Samudra's body was flown to Serang in West Java.
Members of radical groups gathered, along with onlookers, in both villages to meet the bodies as they arrived.
A banner saying "welcome martyrs" was on display at the cemetery where the brothers were to be buried, reported Reuters.
There were also reports of clashes in Tenggulan between hundreds of police and supporters who had surged towards the ambulances carrying the bodies.
Foreign journalists were verbally abused as "infidels".
But the deaths will not evoke much sympathy in Indonesia, where most people supported the sentence and believed the executions should have been carried out much sooner, our correspondent says.
Officials had said the three would be shot in early November but no date had been announced in advance.
Supporters and police clash as coffins are carried through Lamongan
Australian Foreign Minister Stephen Smith said it was "not a day that fills us with any joy or with any celebration" and that his thoughts were with the victims' families.
He warned that Australia continued to receive "credible information that terrorists may be planning attacks in Indonesia".
Prime Minister Kevin Rudd said hundreds of lives had been "fundamentally changed by that murder, so it is those lives we think about today".
Victims and family members have also responded to the news.
"They had to pay the ultimate price for what they did," said Peter Hughes, who suffered severe burns in the attacks. "These guys set about mass murder."
Wayan Rasmi, a Balinese woman whose husband's body was never found following the attacks, said the executions would let her put the past behind her.
"I hope there will not be any revenge from their families and supporters," she said.

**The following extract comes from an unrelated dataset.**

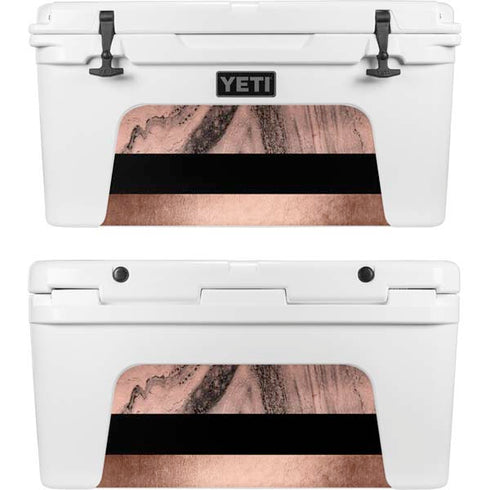 Rose Gold and Black Marble YETI Tundra 75 Hard Cooler Skin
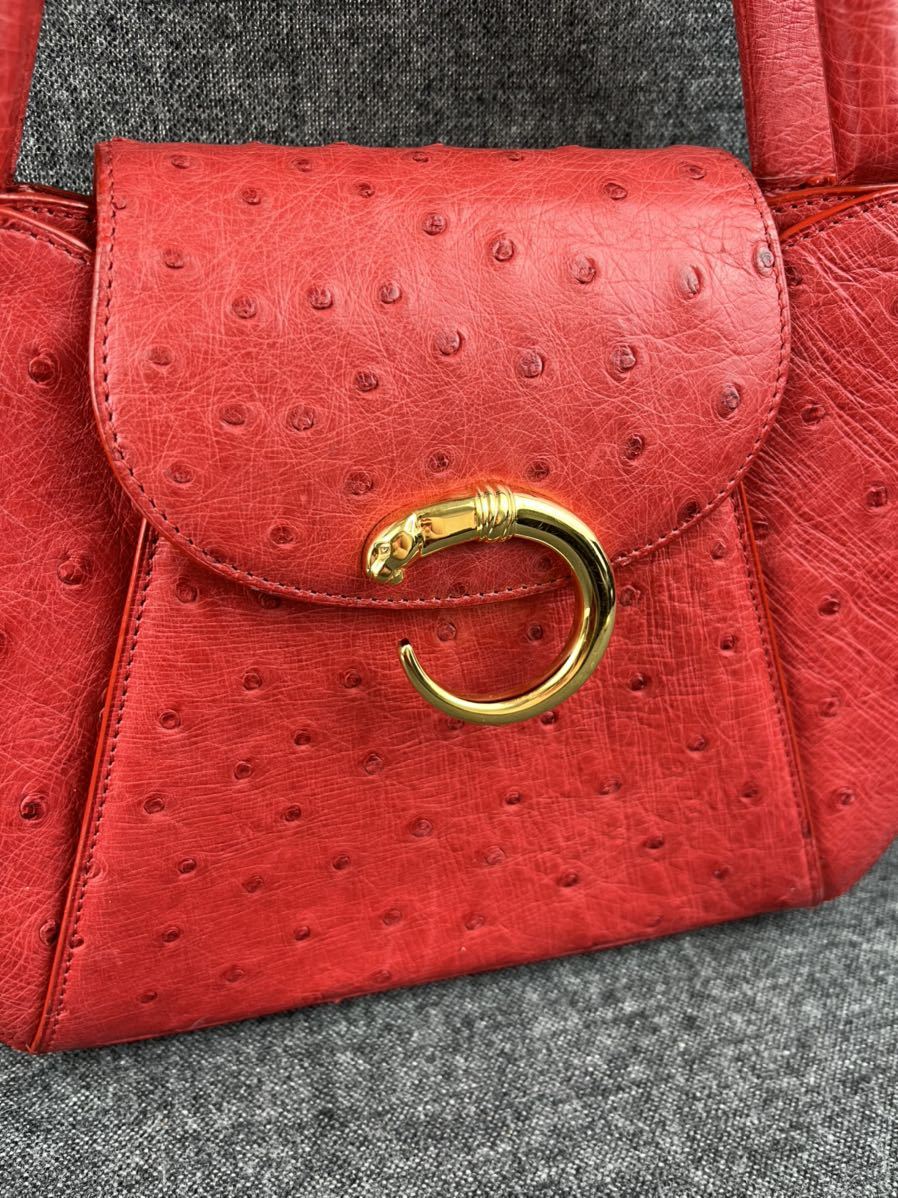 Cartier パンサー ハンドバッグ オーストリッチ レッド 赤 - 通販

The bombings were blamed on the militant group Jemaah Islamiah, widely regarded as a regional affiliate of the al-Qaeda network, but several key suspects have never been caught.
None of the executed men had ever expressed remorse for the attacks, only saying they regretted that Muslims had been killed.
They also said they were keen to be "martyrs" for their dream of creating a South-east Asian caliphate.
However, they made several appeals for leniency and also filed an unsuccessful appeal to be executed by beheading rather that face a firing squad.
They said beheading was a more humane and Islamic form of execution and that being shot amounted to torture.
Correspondents say that while executing the men has sent a strong message, it could also put the country's hard-won security at risk if it inspires other extremists to carry out similar acts.